>>>

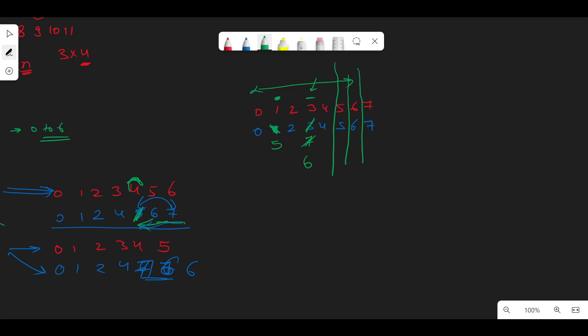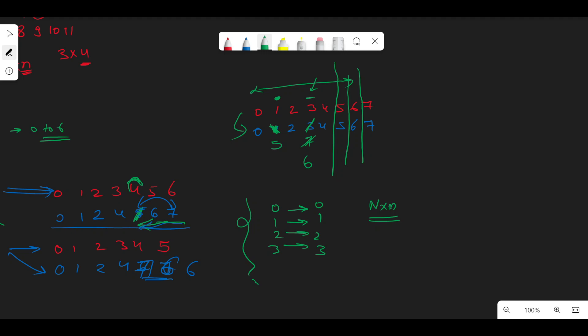One more insight before coding: we're mapping indexes to indexes, and initially every index maps to itself. If we explicitly initialize all m×n mappings, that takes O(m×n) time and space. Instead, use lazy initialization — if a mapping doesn't exist in the map, by definition it maps to itself. We only update the map when the mapping actually changes.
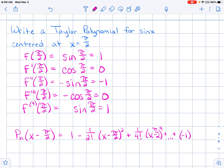The alternating sign is captured by negative 1 to the n. Since the first term is positive, negative 1 to the 0 power equals 1, which works. The numerator is always 1, the denominator is the even factorials — 2n factorial — and the power is (x minus pi over 2) to the 2n, plus dot dot dot. You must have the dot dot dot in both places to show this is the general Taylor polynomial to infinity.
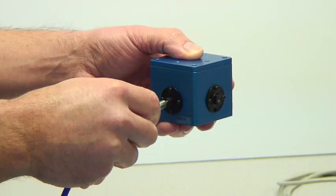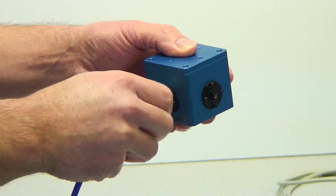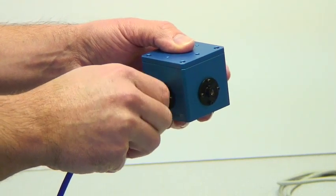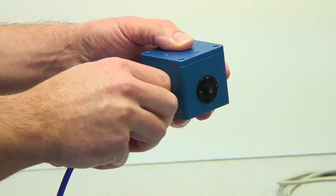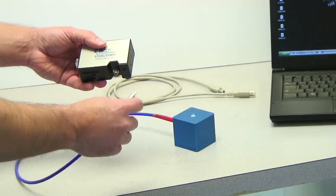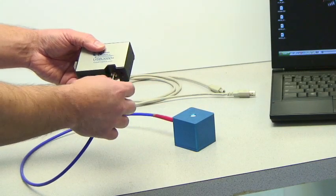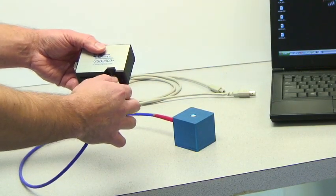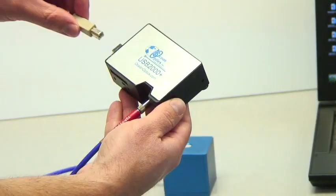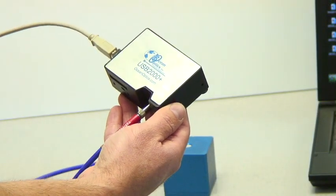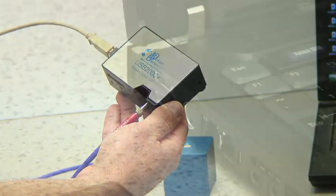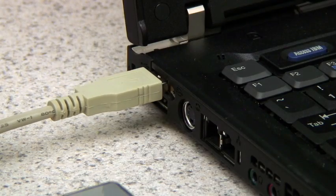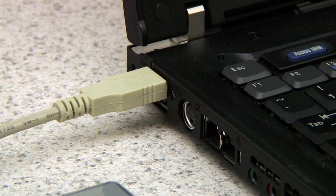Next, connect one end of the patch cable to the SMA connector on the integrating sphere. Connect the other end of the patch cable to the SMA connector of the spectrometer. Make sure that the USB cable is connected to the spectrometer and the USB port on your PC. This completes the setup.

<<<

## PROBLEM TO WORK ON:
Please set down every line of the data above precisely, dropping the images.

## TASK SOLUTION:
One more insight before coding: we're mapping indexes to indexes, and initially every index maps to itself. If we explicitly initialize all m×n mappings, that takes O(m×n) time and space. Instead, use lazy initialization — if a mapping doesn't exist in the map, by definition it maps to itself. We only update the map when the mapping actually changes.
The alternating sign is captured by negative 1 to the n. Since the first term is positive, negative 1 to the 0 power equals 1, which works. The numerator is always 1, the denominator is the even factorials — 2n factorial — and the power is (x minus pi over 2) to the 2n, plus dot dot dot. You must have the dot dot dot in both places to show this is the general Taylor polynomial to infinity.
Next, connect one end of the patch cable to the SMA connector on the integrating sphere. Connect the other end of the patch cable to the SMA connector of the spectrometer. Make sure that the USB cable is connected to the spectrometer and the USB port on your PC. This completes the setup.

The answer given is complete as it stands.